### Count 'em words:
- The objective of this notebook is to count words in a few texts from Jane Austen.

In [1]:
# Imports:
import os
import re
from nltk.corpus import stopwords
from collections import defaultdict

In [2]:
path = './austen/'
fnames = os.listdir(path)
print(fnames)

['1790 Love And Freindship.txt', '1805 Lady Susan.txt', '1811 Sense and Sensibility.txt', '1813 Pride and Prejudice.txt', '1814 Mansfield Park.txt', '1815 Emma.txt', '1818 Northanger Abbey.txt', '1818 Persuasion.txt']


In [3]:
word_count = defaultdict(int) # Initialise a dictionary where the default value for a new key is 0.

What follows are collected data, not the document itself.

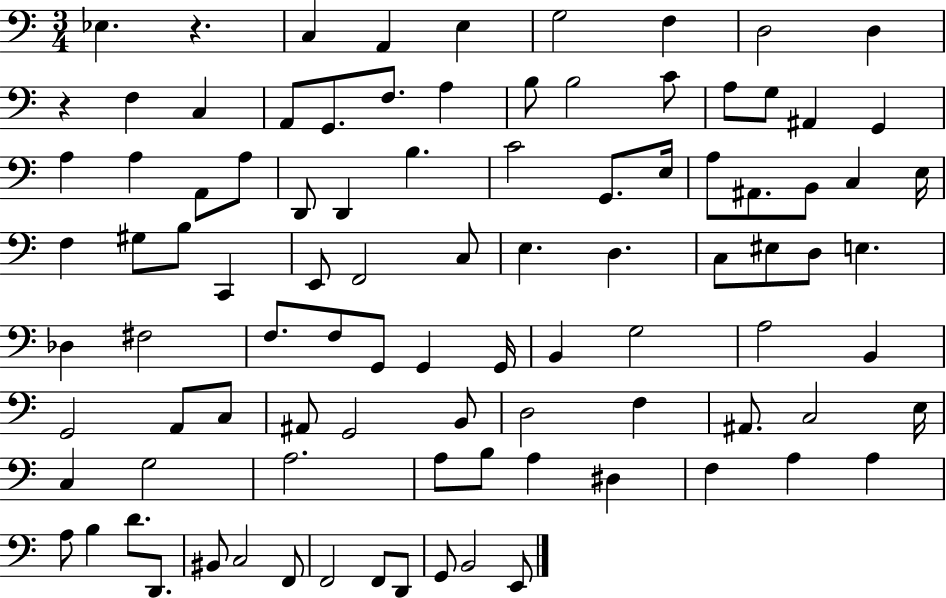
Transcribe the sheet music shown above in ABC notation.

X:1
T:Untitled
M:3/4
L:1/4
K:C
_E, z C, A,, E, G,2 F, D,2 D, z F, C, A,,/2 G,,/2 F,/2 A, B,/2 B,2 C/2 A,/2 G,/2 ^A,, G,, A, A, A,,/2 A,/2 D,,/2 D,, B, C2 G,,/2 E,/4 A,/2 ^A,,/2 B,,/2 C, E,/4 F, ^G,/2 B,/2 C,, E,,/2 F,,2 C,/2 E, D, C,/2 ^E,/2 D,/2 E, _D, ^F,2 F,/2 F,/2 G,,/2 G,, G,,/4 B,, G,2 A,2 B,, G,,2 A,,/2 C,/2 ^A,,/2 G,,2 B,,/2 D,2 F, ^A,,/2 C,2 E,/4 C, G,2 A,2 A,/2 B,/2 A, ^D, F, A, A, A,/2 B, D/2 D,,/2 ^B,,/2 C,2 F,,/2 F,,2 F,,/2 D,,/2 G,,/2 B,,2 E,,/2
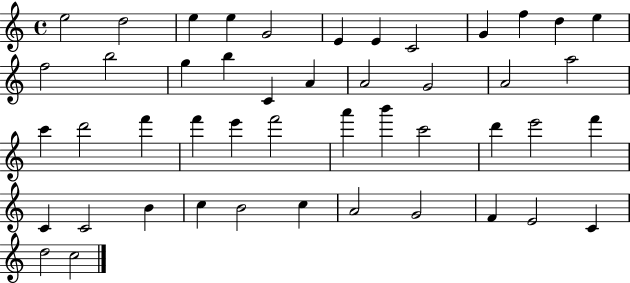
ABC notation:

X:1
T:Untitled
M:4/4
L:1/4
K:C
e2 d2 e e G2 E E C2 G f d e f2 b2 g b C A A2 G2 A2 a2 c' d'2 f' f' e' f'2 a' b' c'2 d' e'2 f' C C2 B c B2 c A2 G2 F E2 C d2 c2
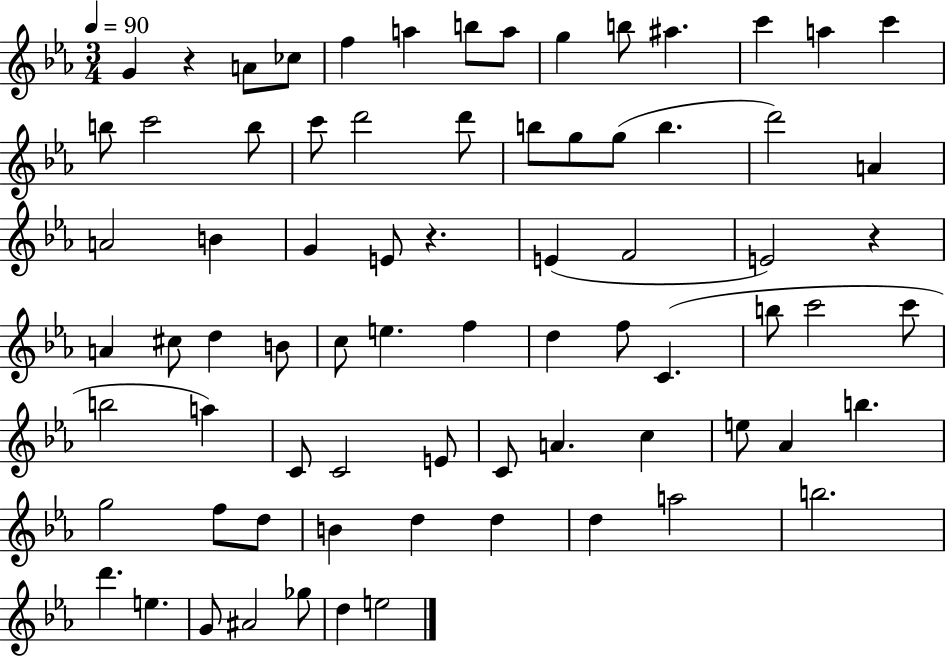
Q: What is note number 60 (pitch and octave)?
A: B4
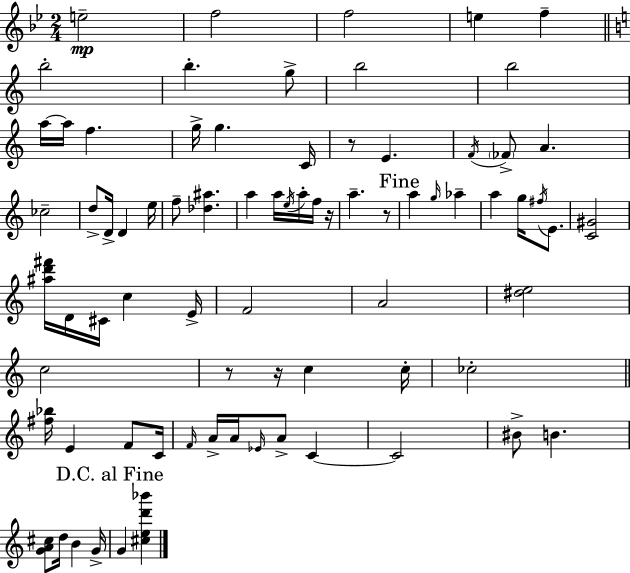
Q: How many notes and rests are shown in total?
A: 77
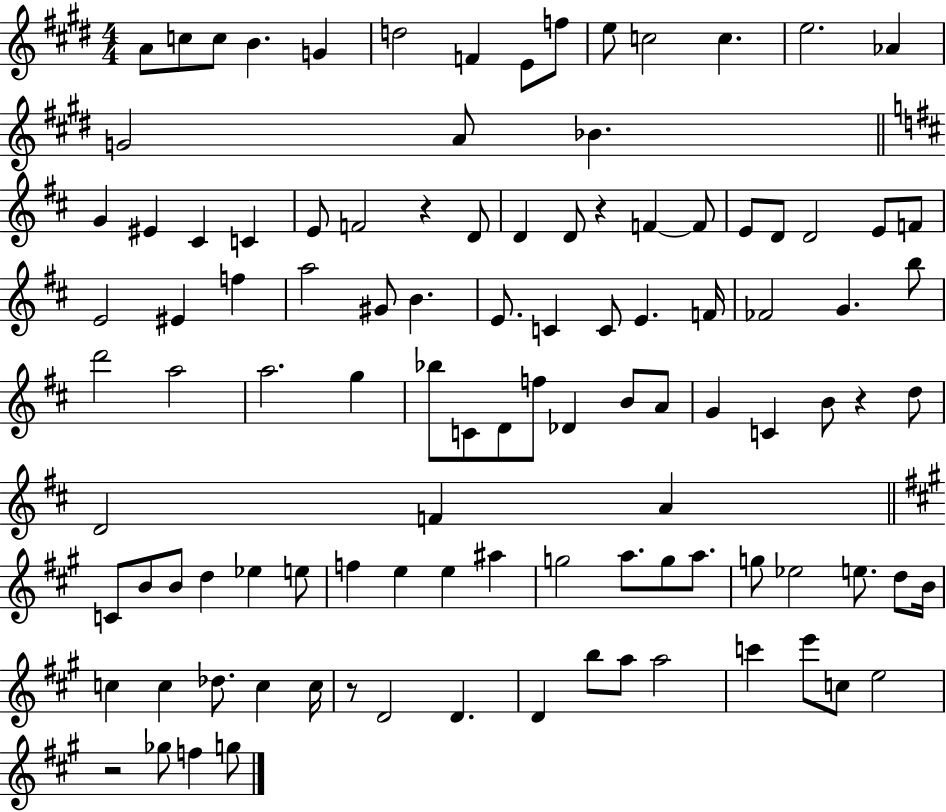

stop = stopwords.words('english') # English stopwords from NLTK

for fname in fnames:
    with open(path+fname, 'r') as f:
        content = f.read().splitlines() # Read and split the contents of 'fname' into lines
        
    for line in content:
        words = line.split() # Split the line into words (based on whitespace only)
        for word in words:
            word = word.lower() # Lowercase
            word = re.sub('[^a-zA-Z0-9]', '', word) # Remove non-word characters
            if word not in stop: # Remove stopwords
                word_count[word] += 1 # Increment the word count as you see the word (Note: default value is 0)
            
dict(list(word_count.items())[:5]) # print preview

{'love': 554, 'freindship': 18, 'early': 198, 'works': 15, 'friendship': 113}

In [4]:
# Sort a dictionary by value (counts): https://stackoverflow.com/questions/613183/how-do-i-sort-a-dictionary-by-value
sorted_word_counts = sorted(word_count.items(), key=lambda kv: kv[1], reverse=True)
sorted_word_counts[:10] # preview 10 most frequent words

[('could', 3743),
 ('would', 3387),
 ('mr', 3071),
 ('mrs', 2508),
 ('must', 2238),
 ('said', 2140),
 ('much', 2024),
 ('one', 1958),
 ('miss', 1926),
 ('every', 1537)]

### Reflections:
To make sure the word counts make sense (and match Voyant's), I had to take care of 3 things:
- Remove any non-word characters because .split() is not capable of tokenizing into words. It had '(love' as a word which I took care of using regular expressions. Note that I did not use \W because I also wanted to remove underscore.
- Make the word lowercase because 'LOVE' and 'love' is the same thing.
- Remove stopwords like the, a, an etc. (imported from NLTK)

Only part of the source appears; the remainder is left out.